* **EXERCISE DESCRIPTION**
Look in the listing below for the line that has "There you go", then return it and each following line up to and including the one with "Hey guys, welcome", exactly and without pictures.

* **SUPPLIED RECORDS**
..........

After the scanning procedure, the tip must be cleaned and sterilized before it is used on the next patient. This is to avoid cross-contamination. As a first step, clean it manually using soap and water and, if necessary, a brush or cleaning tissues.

..........

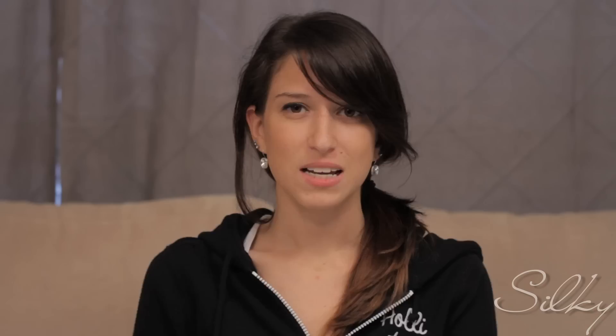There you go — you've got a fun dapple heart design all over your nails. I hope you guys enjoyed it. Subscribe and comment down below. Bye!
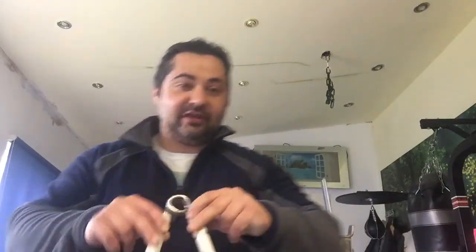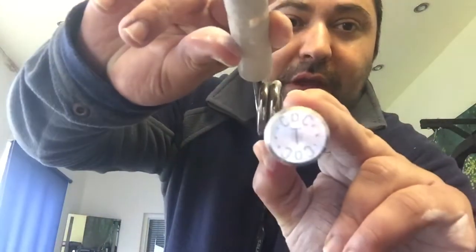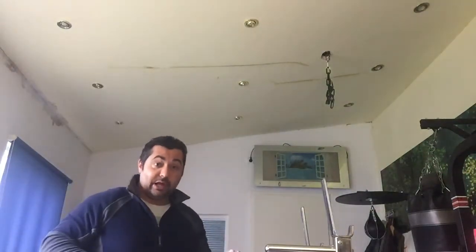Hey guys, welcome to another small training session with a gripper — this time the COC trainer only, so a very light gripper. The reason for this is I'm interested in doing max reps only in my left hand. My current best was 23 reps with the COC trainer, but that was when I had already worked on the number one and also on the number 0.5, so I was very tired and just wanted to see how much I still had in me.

..........

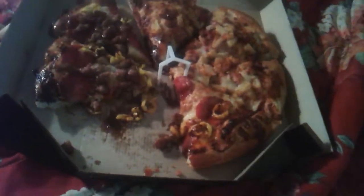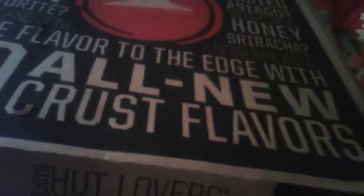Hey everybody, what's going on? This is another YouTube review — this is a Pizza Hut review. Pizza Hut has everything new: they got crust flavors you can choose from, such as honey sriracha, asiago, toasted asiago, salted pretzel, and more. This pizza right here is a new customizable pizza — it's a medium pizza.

..........

* **RESULT FOR THIS EXERCISE**
There you go — you've got a fun dapple heart design all over your nails. I hope you guys enjoyed it. Subscribe and comment down below. Bye!
Hey guys, welcome to another small training session with a gripper — this time the COC trainer only, so a very light gripper. The reason for this is I'm interested in doing max reps only in my left hand. My current best was 23 reps with the COC trainer, but that was when I had already worked on the number one and also on the number 0.5, so I was very tired and just wanted to see how much I still had in me.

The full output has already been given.